[Exercise] All the entries need to be duplicated exactly, with the pictures omitted.

[Data records]
┄┄┄┄┄┄┄┄┄┄
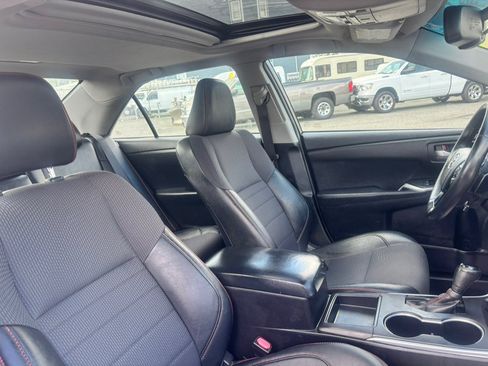 Used 2016 Toyota Camry SE w/ Moonroof Package FWD image 31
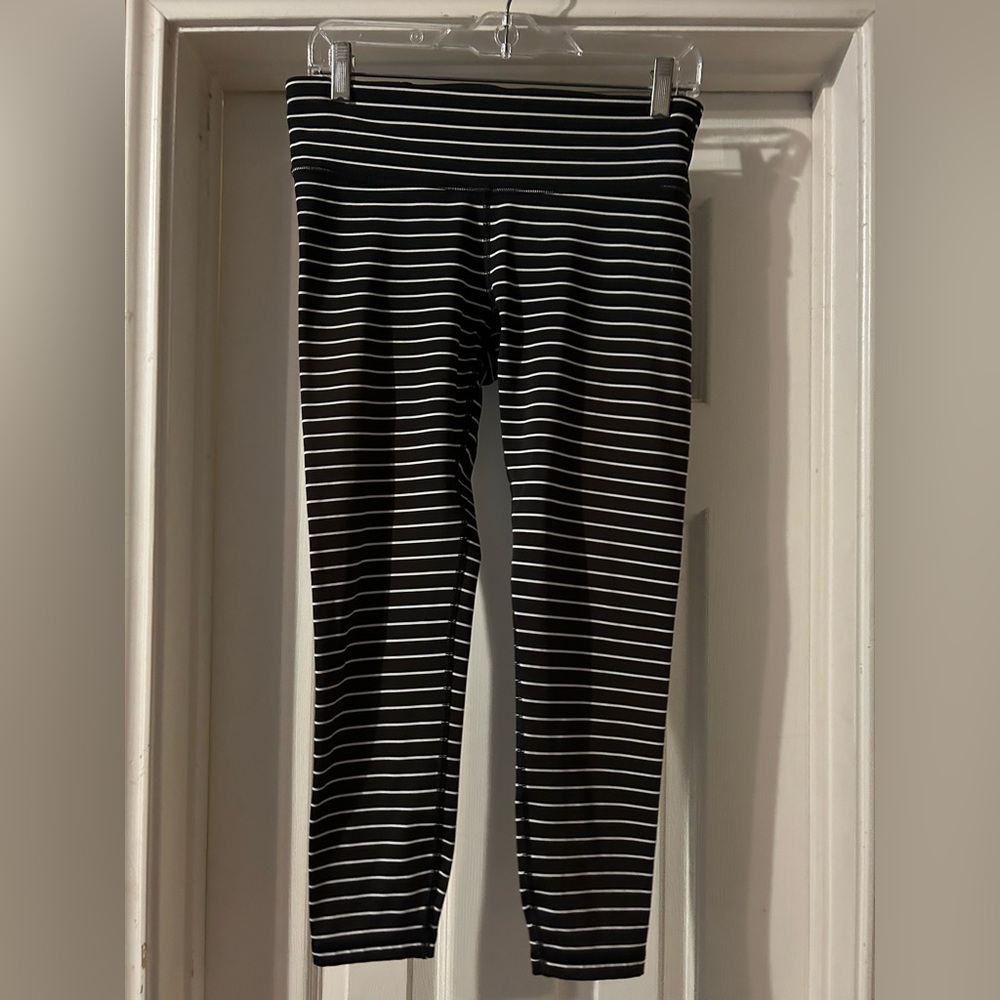 Gapfit blackout 7/8 leggings. Good used condition. Nice thick material.
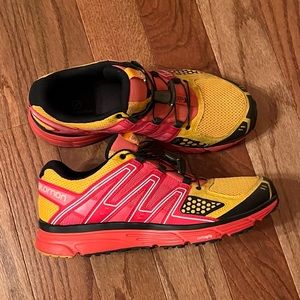 Salomon Shoes Size 11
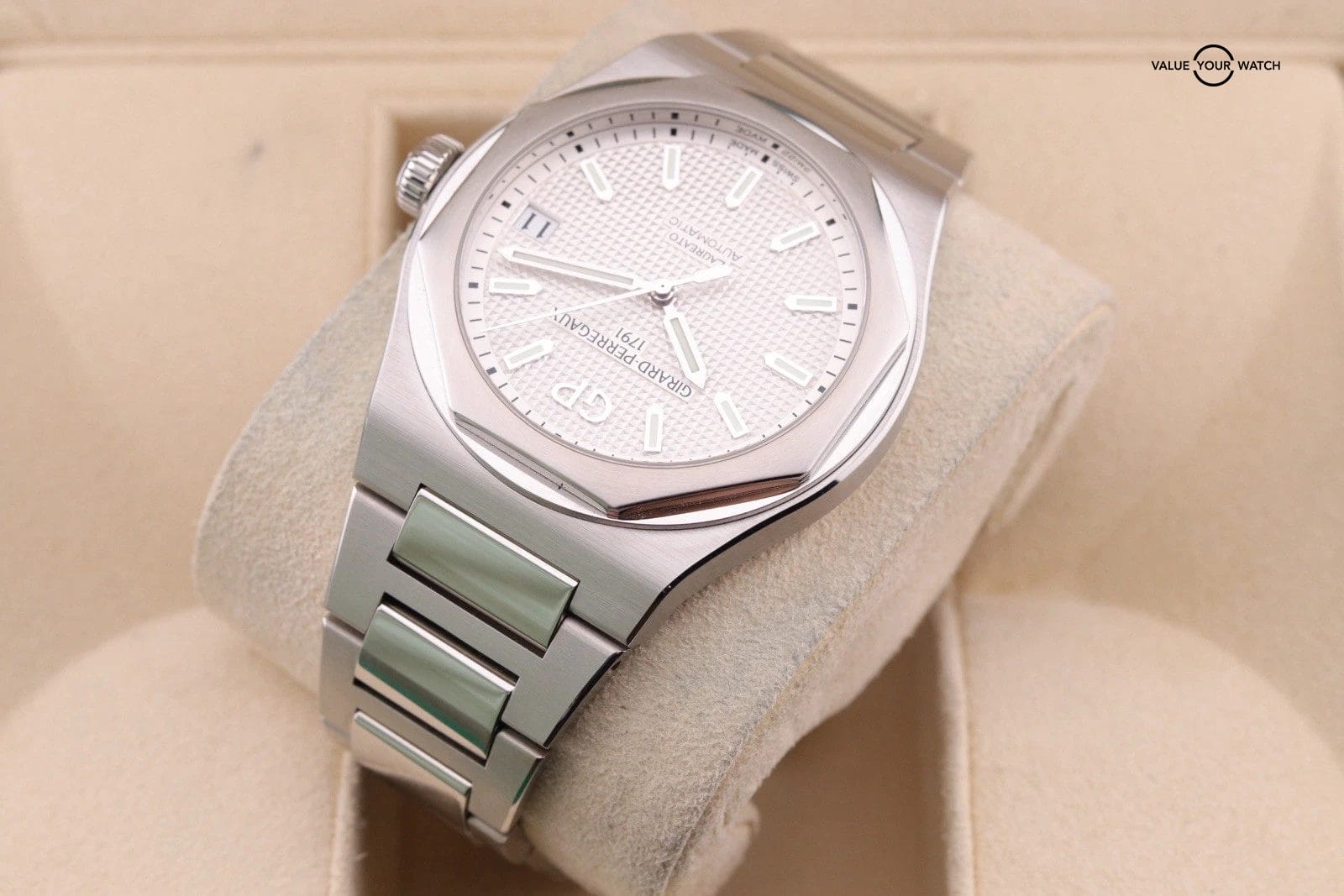 Girard-Perregaux Laureato 81010-11-131-11A White Dial 42MM Box & Paper - Image 9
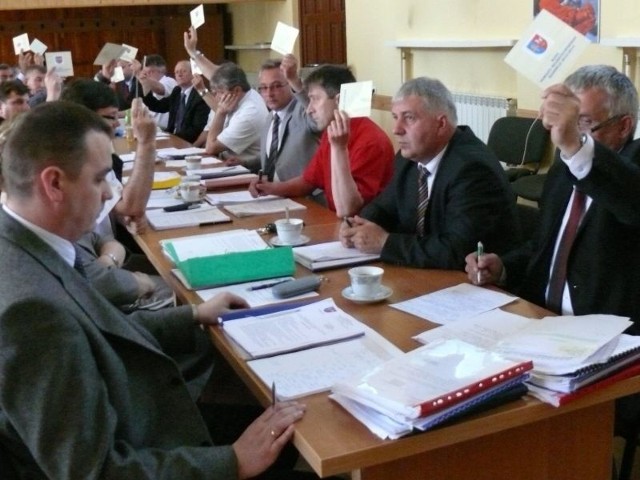 Na poniedziałkowej sesji Rada Powiatu Włoszczowskiego jednogłośnie udzieliła absolutorium Zarządowi Powiatu z tytułu wykonania budżetu za 2010 rok.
┄┄┄┄┄┄┄┄┄┄
[Written solution]
 Used 2016 Toyota Camry SE w/ Moonroof Package FWD image 31
 Gapfit blackout 7/8 leggings. Good used condition. Nice thick material.
 Salomon Shoes Size 11
 Girard-Perregaux Laureato 81010-11-131-11A White Dial 42MM Box & Paper - Image 9
 Na poniedziałkowej sesji Rada Powiatu Włoszczowskiego jednogłośnie udzieliła absolutorium Zarządowi Powiatu z tytułu wykonania budżetu za 2010 rok.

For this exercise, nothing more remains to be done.